== Assigned task ==
For this exercise, copy exactly every line from the one holding "pink hibiscus flower" through the end of the data, both included. Omit pictures.

== Dataset section ==

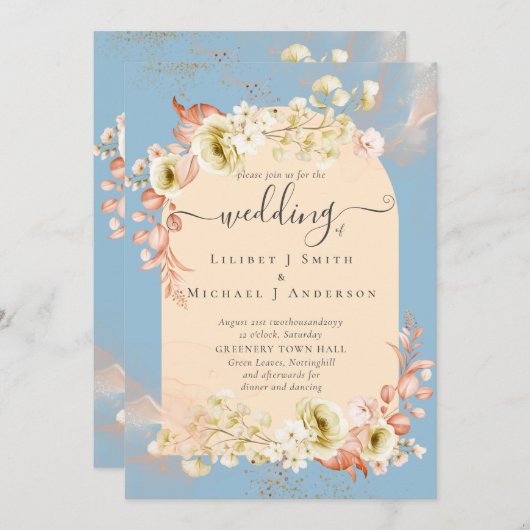 Sublime Dusty Blue Peach Wedding (Vorne/Hinten)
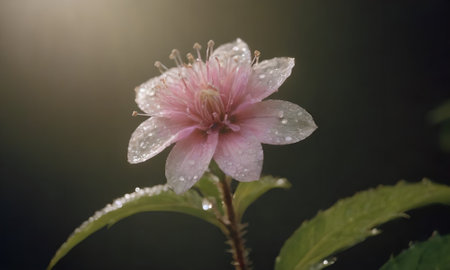 pink hibiscus flower in the morning with dewの写真素材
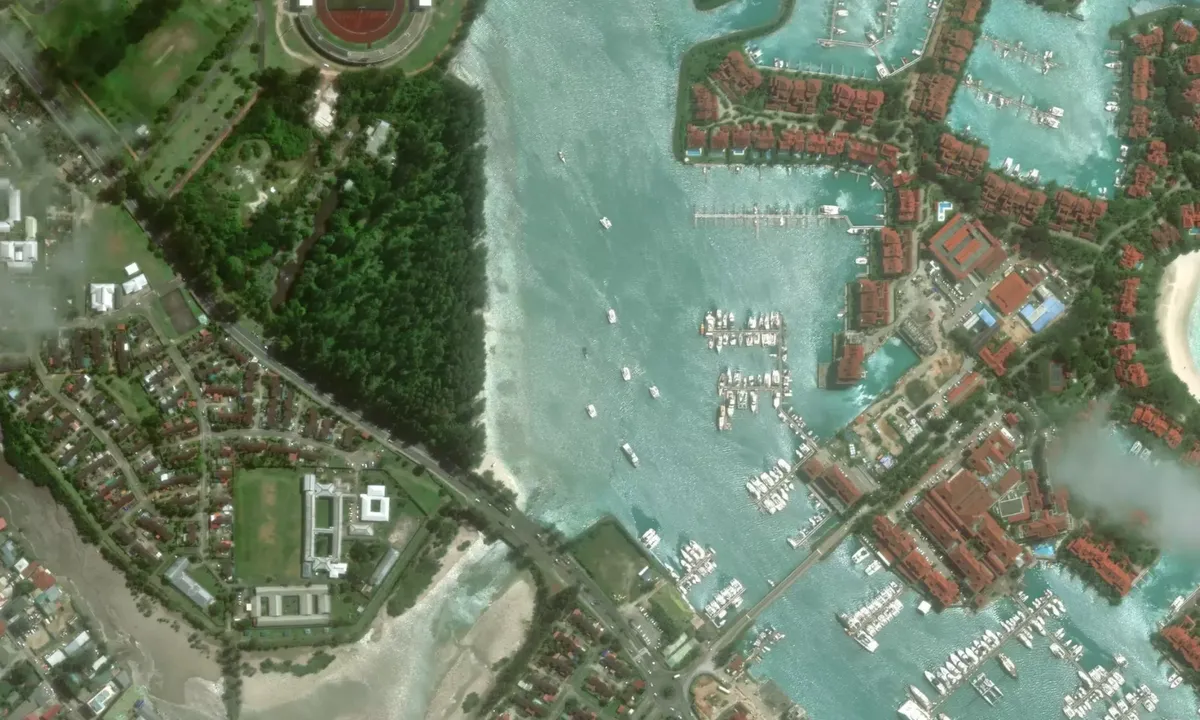 Flyfoto av Eden Island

== Solution ==
 pink hibiscus flower in the morning with dewの写真素材
 Flyfoto av Eden Island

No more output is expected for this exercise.